Rethinking Nuclear Power

A coal fired plant with hyperboloid towers

Not a nuclear power plant

As we face the twin perils of an energy crisis arising from the ever increasing cost of oil extraction and the serious threat of climate change, nuclear power has again come back onto the agenda.

When the Nuclear Age first came into being in the 1950s, it seemed as though it was going to provide a clean power source that would soon be completely ubiquitous. As the sound-bite went, it would make electricity so cheap there would be no point in metering it. People dreamed up plans of nuclear powered neighbourhoods and even nuclear powered cars. The potential seemed limitless.

Nuclear power advanced much more slowly than was anticipated. Partially this was because oil still provided a cheap and abundant fuel source that didn’t require the large and expensive installations necessary to run a light-water reactor (the type most people immediately imagine in their heads). However, there was also a real popular movement in opposition to nuclear power even before the 1960s. The first such movement in the US occurred between 1958-1964 at Bodega Bay where the first commercially viable nuclear power plant was to be built. Eventually Pacific Gas & Electric had to abandon their attempt. Indeed these grass-roots movements continued through the 60s and 70s in the United States and may have had some hand in reducing the application of nuclear power.

In France on the other hand, things were different. The French embarked on an extensive nuclear power program in 1974, following the first oil shock. By 1985 the majority of their electricity energy production was from nuclear sources. The French standardised their nuclear plant design fairly early on, going for a pressurised water reactor and deploying it nationally. This is sometimes cited as the reason for the relatively low cost of its electricity generation and lack of safety problems. By contrast, reactors in the US are like snowflakes. Every one is unique, itself an experiment in diversity.

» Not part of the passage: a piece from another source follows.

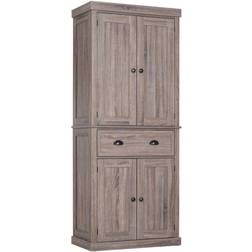 Homcom Colonial Dark Wood Grain Storage Cabinet 76x184cm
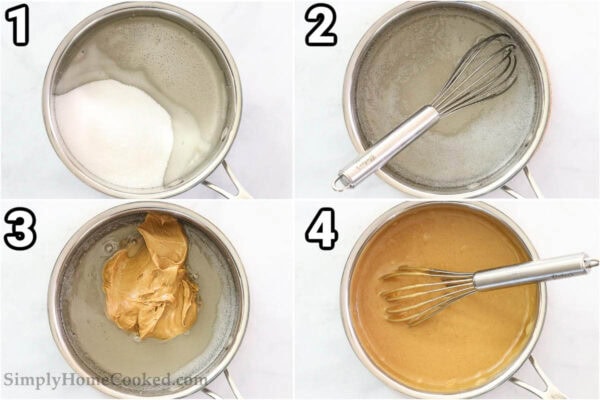 Steps to make Chewy Special K Bars: boil the sugar and corn syrup, stirring with a whisk, then combining it with the peanut butter.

In some ways the popular opposition of the anti-nuclear movement was prophetic. It occurred long before any serious accidents. It wasn’t until the Three Mile Island incident in 1979 that any real large scale difficulties were encountered. And it wasn’t until Chernobyl in 1986 that nuclear energy suffered a true disaster.

After Chernobyl, nuclear power was forced to the very bottom of discussions on power generation, and not without reason. The size of the catastrophe was impressive. The west first became aware of the disaster when radiation alarms went off at the Forsmark Nuclear Power Plant in Sweden, which is several hundred miles from Chernobyl. Though 56 direct deaths are attributed, as many as 4000 people may have died due to increased cancer risk from radiation.

After this, nuclear power had to take a back seat. No politician with any sense would touch it. People were frightened of its destructive potential and certainly were not keen on having one in their neighbourhood. The marginal cost difference with oil was too narrow to make it worth the while of big business to pursue a lobbying strategy on its behalf. Its defence has since then largely been up to those companies already operating and a few nuclear scientists and enthusiasts.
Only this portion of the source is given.